Donald Trump

Trump Takes on Twitter

NBCUniversal, Inc.

Many are watching to see how President Donald Trump will react now that Twitter, for the first time, has started fact checking his tweets.

"I was incredibly shocked actually to see that this happened," said Emerson College Professor and social media expert David Gerzof Richard.

Gerzof Richard never thought Twitter would go down that road, as it has always stayed away from correcting the president and other heads of state.

"The way that Twitter and Facebook and a lot of these platforms work, is they really depend on their community to self-police," he said.

Trump tweets made other headlines this week, when the president tweeted in support of a baseless conspiracy theory that MSNBC host Joe Scarborough was involved in the death of an intern, Lori Klausutis, in his congressional office decades ago.

Her husband, TJ, pleaded with Twitter to take down the tweets, and two prominent Republicans, Rep. Lynn Cheney and Sen. Mitt Romney, did the same.

"Joe can weather vile, baseless accusations but TJ? His heart is breaking. Enough already," Romney tweeted.
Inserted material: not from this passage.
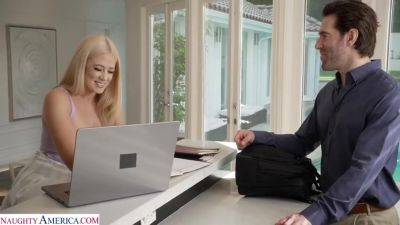 River Lynn - River Lynn- Blonde Co-ed Gets A Taste Of Cock From Her - videooxxx.com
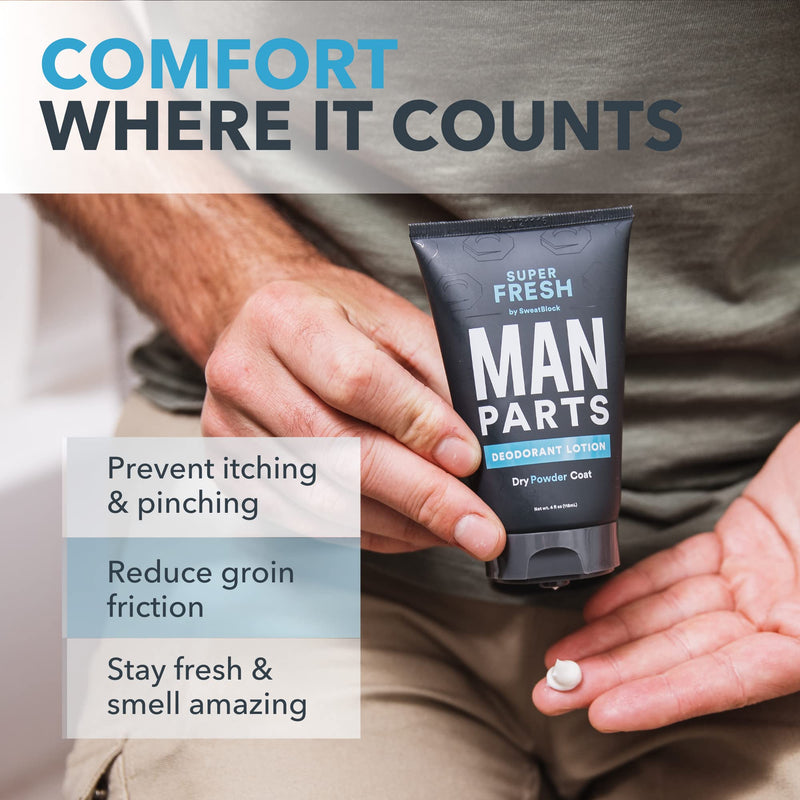Super Fresh Ball Deodorant for Men by SweatBlock | Prevent Sweaty Man Parts & Odor (Balls, Butt and Groin) | Talc-Free | Lotion-to-Powder, No Mess, Quick-Dry Formula | 4 fl oz Tube - NewNest Australia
A spokesperson for Twitter said the company was working on making changes, though it did not agree to remove the tweets.

"This is the slippery slope that Twitter is getting itself into," Gerzof Richard said, explaining that by fact-checking one of Trump's political tweets, Twitter will now be expected to fact-check his other tweets.

"And whether you like the president or hate him, he does tweet some outrageous things over time," he said.

Gerzof Richard says Trump is now using the controversy to move the conversation off of the economy and COVID-19 by saying he is being unfairly attacked by big tech and to promote himself as a champion of the First Amendment.